A good soup, treated in that manner, can be transportive and euphoria-inducing, beyond warming and comforting. A great soup, as you well know, can become an obsession.
Hence the popularity of Al Yeganeh, whose "Soup Nazi" was perhaps the most beloved and quoted Seinfeld character ever (at least before he sold out the "Soupman" name to franchisees). In that sitcom, the guy's so passionate about his soups that he'd rather berate you — ban you, even — than for one moment let you bumble around his operation and fail to show proper respect for his liquid lovin'.
We don't know of anyone locally who's so strident about his or her stocks and stews.
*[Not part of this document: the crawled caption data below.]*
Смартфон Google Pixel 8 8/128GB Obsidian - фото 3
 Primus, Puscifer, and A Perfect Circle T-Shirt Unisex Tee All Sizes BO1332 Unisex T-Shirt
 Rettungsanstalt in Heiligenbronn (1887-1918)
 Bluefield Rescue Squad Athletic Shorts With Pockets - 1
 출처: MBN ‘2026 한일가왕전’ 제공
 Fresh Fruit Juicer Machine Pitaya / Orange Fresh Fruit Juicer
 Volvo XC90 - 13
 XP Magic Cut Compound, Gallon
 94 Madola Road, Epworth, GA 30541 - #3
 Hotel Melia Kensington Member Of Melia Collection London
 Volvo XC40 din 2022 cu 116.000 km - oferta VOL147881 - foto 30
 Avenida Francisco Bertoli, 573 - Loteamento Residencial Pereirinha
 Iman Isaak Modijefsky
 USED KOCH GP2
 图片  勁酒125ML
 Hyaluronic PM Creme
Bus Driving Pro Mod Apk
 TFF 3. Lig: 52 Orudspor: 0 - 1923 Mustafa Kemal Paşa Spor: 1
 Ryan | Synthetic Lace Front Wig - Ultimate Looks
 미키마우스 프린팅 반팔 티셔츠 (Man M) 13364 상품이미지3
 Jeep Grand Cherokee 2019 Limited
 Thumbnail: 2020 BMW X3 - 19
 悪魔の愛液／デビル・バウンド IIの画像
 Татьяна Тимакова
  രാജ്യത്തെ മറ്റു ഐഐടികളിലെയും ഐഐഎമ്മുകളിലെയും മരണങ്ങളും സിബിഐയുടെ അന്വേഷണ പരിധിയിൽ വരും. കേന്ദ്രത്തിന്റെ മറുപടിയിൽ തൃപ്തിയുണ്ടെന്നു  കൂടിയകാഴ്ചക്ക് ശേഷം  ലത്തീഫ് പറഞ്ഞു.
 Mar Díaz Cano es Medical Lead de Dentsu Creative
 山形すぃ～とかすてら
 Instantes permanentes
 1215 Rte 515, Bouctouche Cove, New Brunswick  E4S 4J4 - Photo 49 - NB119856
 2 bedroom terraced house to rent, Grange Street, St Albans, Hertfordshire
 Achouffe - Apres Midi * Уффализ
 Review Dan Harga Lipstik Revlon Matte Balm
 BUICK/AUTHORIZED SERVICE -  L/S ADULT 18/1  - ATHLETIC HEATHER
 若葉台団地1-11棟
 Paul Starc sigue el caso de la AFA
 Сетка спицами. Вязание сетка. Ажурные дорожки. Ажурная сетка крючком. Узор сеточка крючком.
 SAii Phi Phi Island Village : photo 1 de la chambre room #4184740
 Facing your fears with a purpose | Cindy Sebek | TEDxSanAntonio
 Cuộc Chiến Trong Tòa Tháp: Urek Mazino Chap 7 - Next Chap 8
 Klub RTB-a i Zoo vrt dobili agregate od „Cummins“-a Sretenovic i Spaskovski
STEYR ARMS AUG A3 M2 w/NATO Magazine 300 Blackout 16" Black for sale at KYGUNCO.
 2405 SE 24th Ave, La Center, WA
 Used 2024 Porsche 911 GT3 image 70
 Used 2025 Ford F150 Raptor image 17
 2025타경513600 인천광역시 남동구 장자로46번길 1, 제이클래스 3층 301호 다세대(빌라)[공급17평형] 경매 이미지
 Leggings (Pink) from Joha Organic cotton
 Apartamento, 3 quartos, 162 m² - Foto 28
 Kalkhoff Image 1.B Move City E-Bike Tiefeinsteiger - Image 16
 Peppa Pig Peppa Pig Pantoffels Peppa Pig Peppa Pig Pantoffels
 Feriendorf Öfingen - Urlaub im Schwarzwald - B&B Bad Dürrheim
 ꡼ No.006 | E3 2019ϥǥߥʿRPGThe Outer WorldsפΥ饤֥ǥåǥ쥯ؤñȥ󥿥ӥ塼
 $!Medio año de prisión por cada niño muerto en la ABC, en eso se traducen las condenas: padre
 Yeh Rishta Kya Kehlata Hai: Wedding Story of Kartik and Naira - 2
Thankfully, our area chefs are cordial and accommodating enough to even share their delicious recipes with us, in this sixth annual Dish guide.
Here, you will not hear, "No soup for you!" Instead, you will learn how to: fuse hot and cold soups together for dramatic contrast; meld beer and cheese into bliss; prepare Colorado's staple green chili three ways; and make soups just as they're traditionally made in places ranging from Jamaica to Ethiopia. As much as a soup is a literal melting pot of ingredients, this recipe guide is a melting pot of cultures, techniques and flavors.
We're thankful for the work of Indy photographer Brienne Boortz, who took all the beautiful shots included with the recipes. But our biggest thanks go to the busy folks at this year's 24 participating restaurants. If you do choose to try their recipes at home, we urge you to check your work every now and then by dropping in and dipping a spoon into one of their bowls.
Through strict attention — whether yours or theirs — we hope you find that delicate perfection.